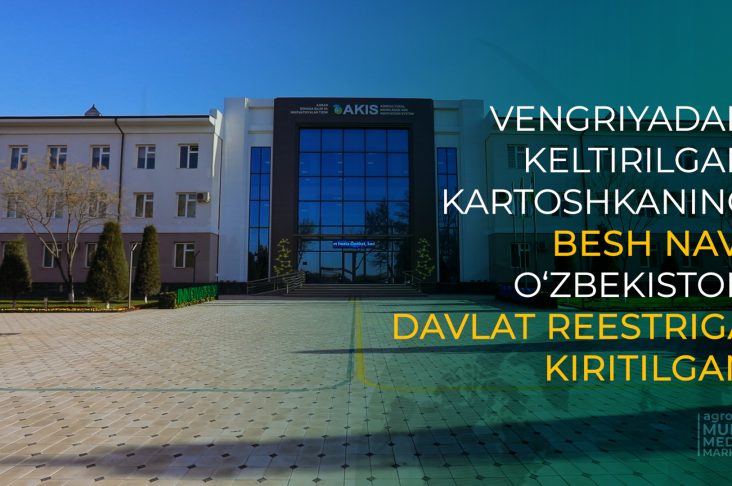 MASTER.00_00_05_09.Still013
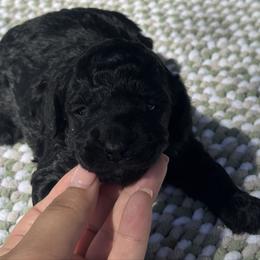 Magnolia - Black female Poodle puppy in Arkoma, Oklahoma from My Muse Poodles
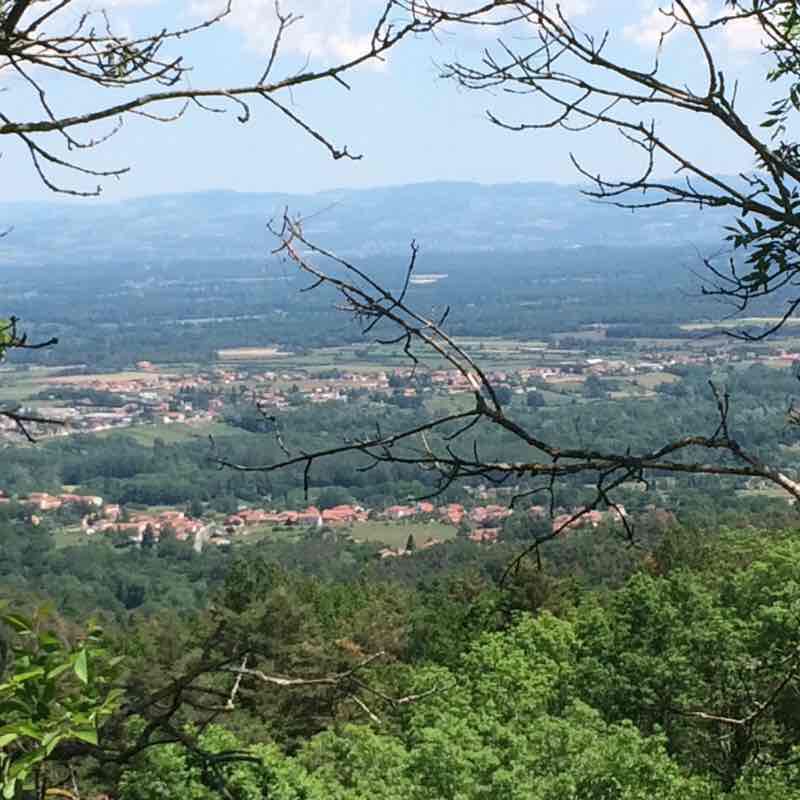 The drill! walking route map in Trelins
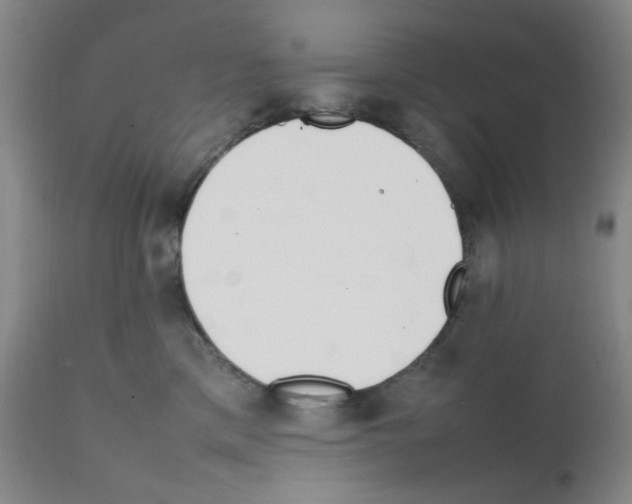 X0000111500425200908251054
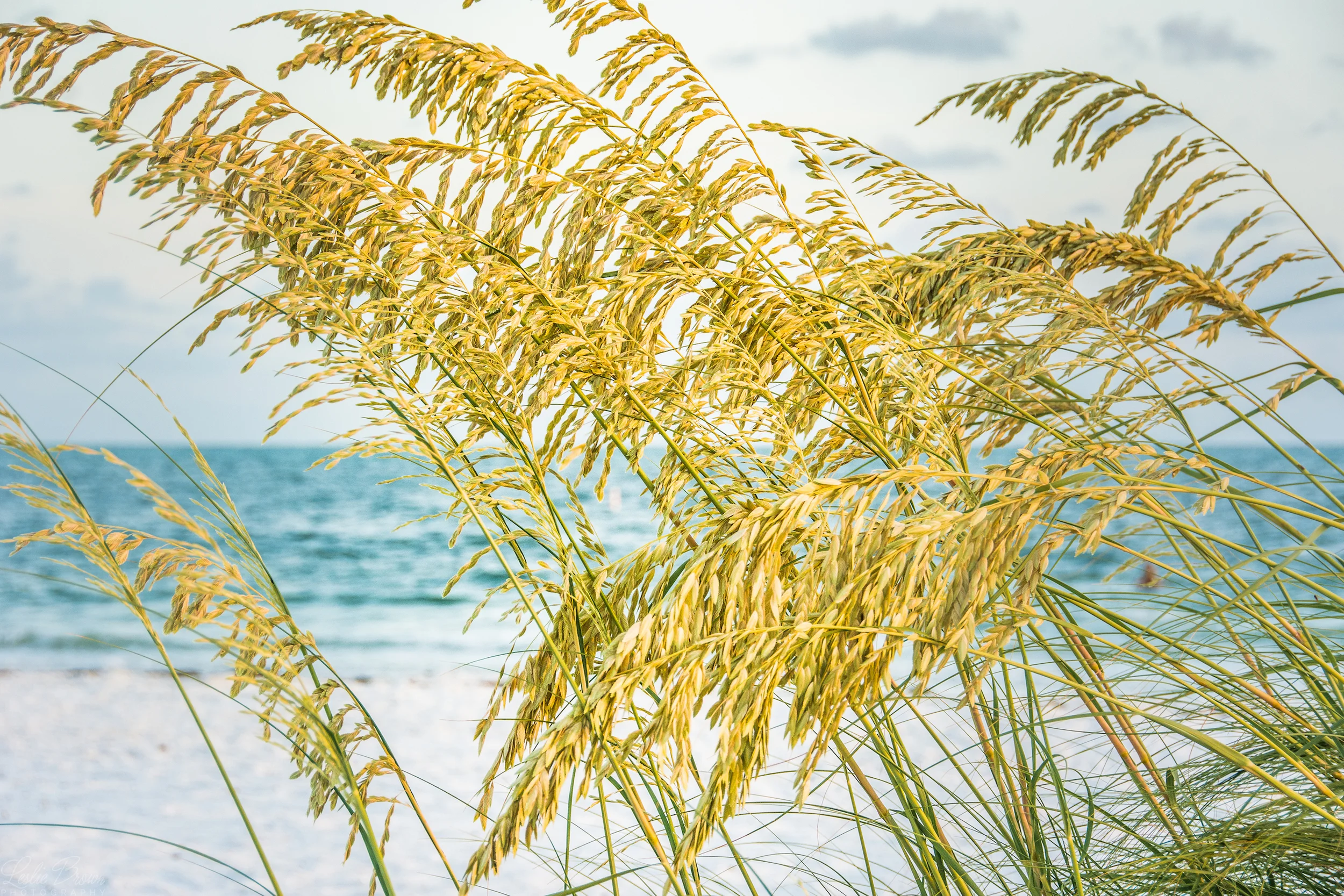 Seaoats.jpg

- - - - -

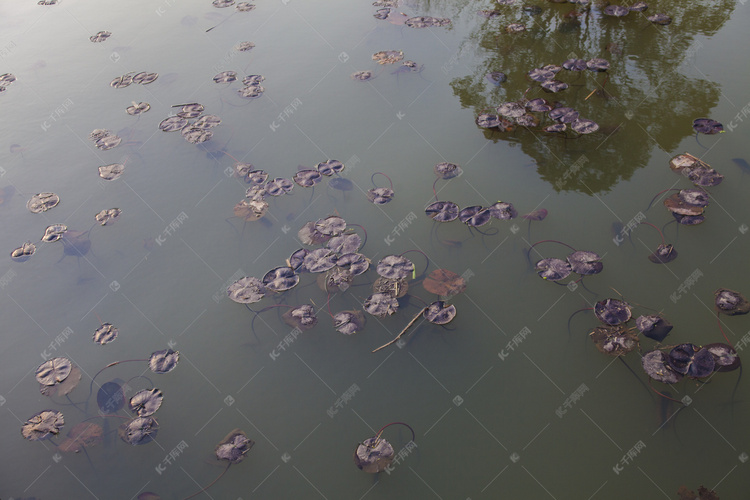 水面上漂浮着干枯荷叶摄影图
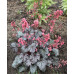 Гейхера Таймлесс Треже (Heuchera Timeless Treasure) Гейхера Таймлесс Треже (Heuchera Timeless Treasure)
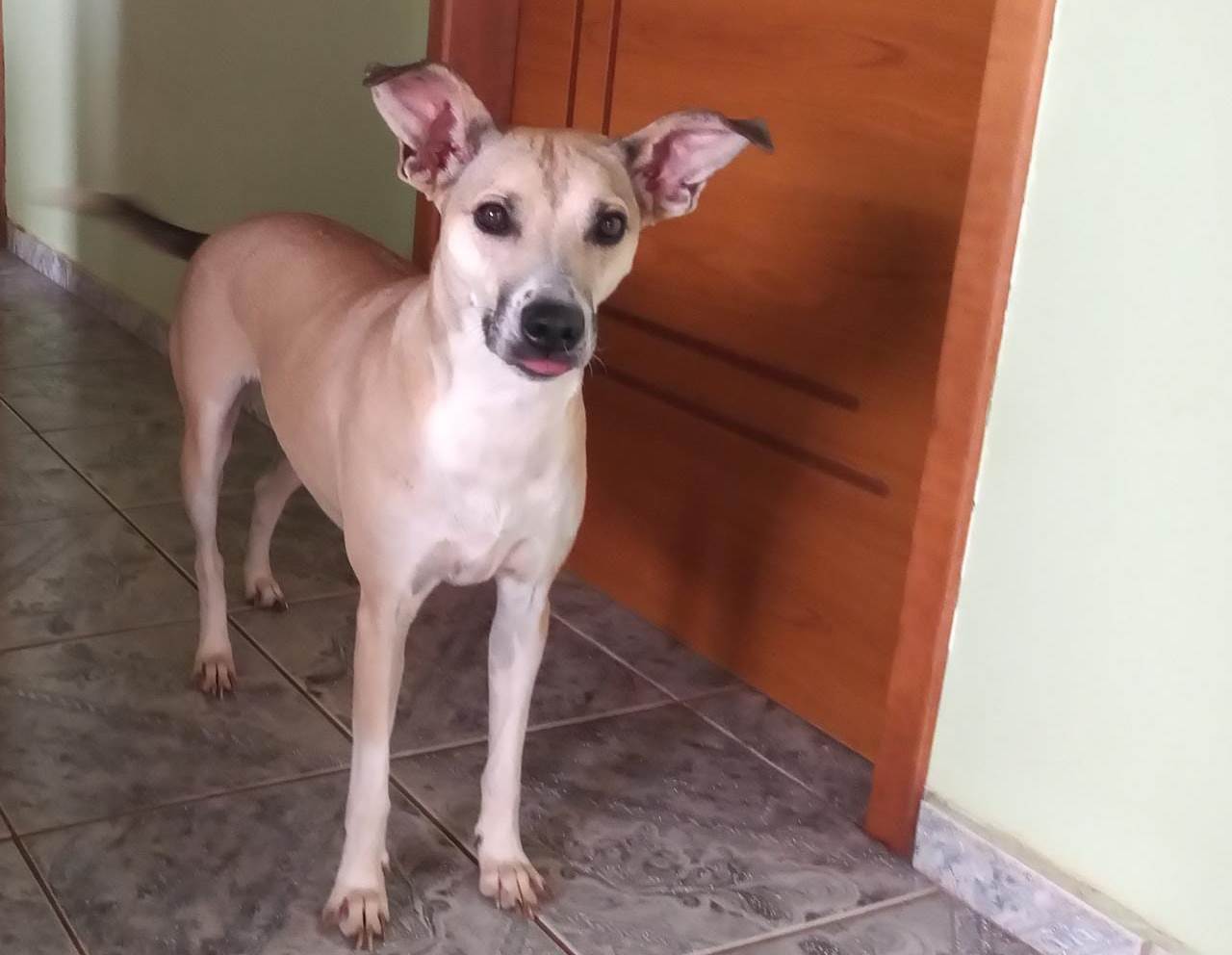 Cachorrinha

- - - - -

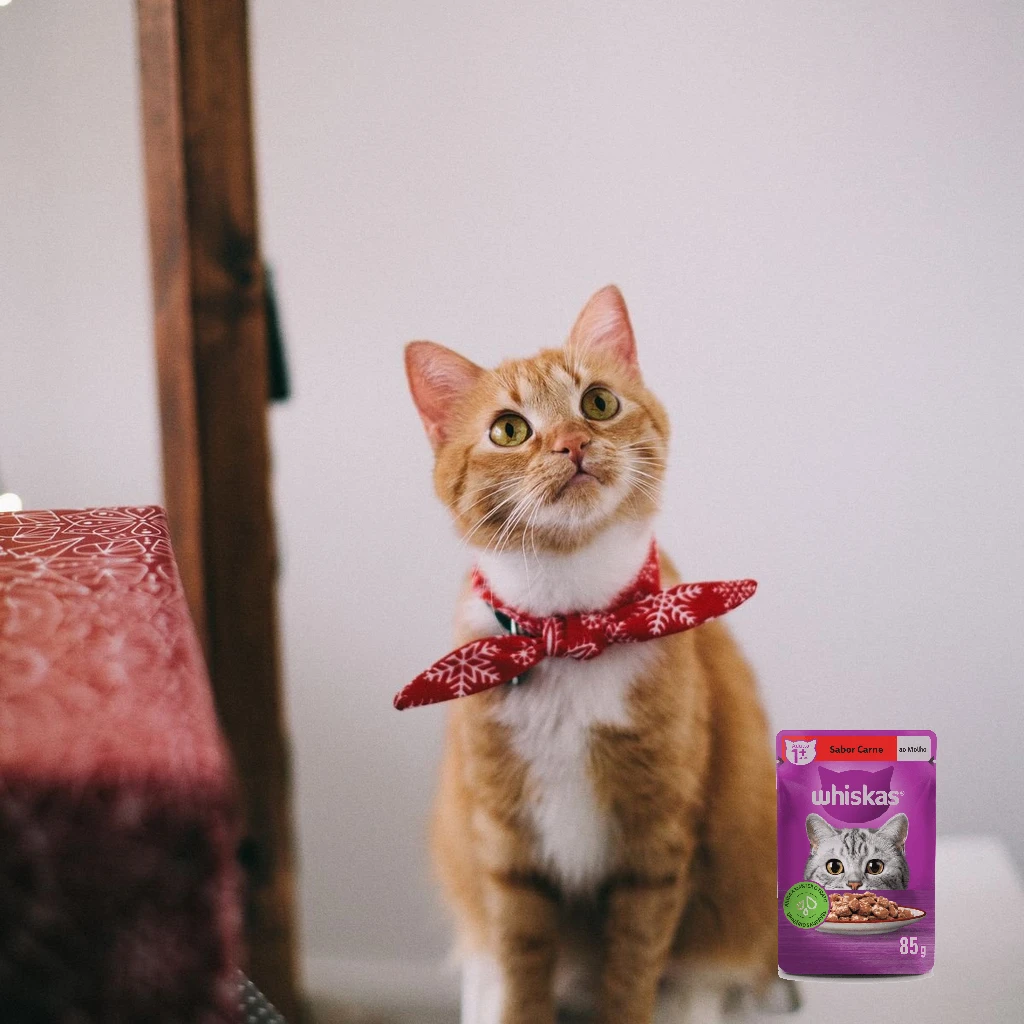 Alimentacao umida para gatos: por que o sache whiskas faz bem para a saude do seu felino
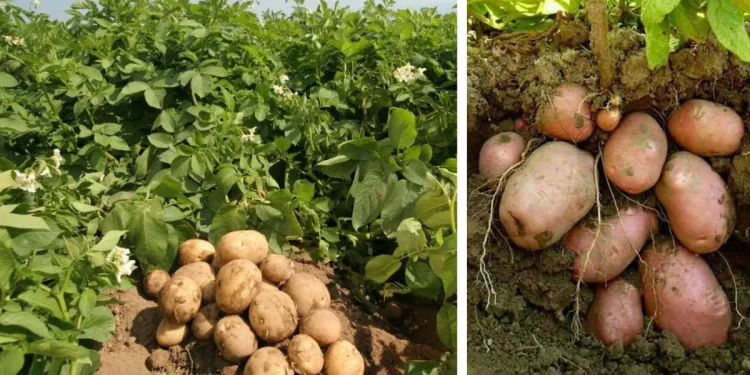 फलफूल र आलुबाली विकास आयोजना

- - - - -

> [WHAT YOU NEED TO DO]
Leaving out all pictures, set down exactly the lines of the material above, from the line with "水面上漂浮着干枯荷叶摄影图" to the line with "Cachorrinha" inclusive, and no others.

> [ANSWER TO THE PROBLEM]
 水面上漂浮着干枯荷叶摄影图
 Гейхера Таймлесс Треже (Heuchera Timeless Treasure) Гейхера Таймлесс Треже (Heuchera Timeless Treasure)
 Cachorrinha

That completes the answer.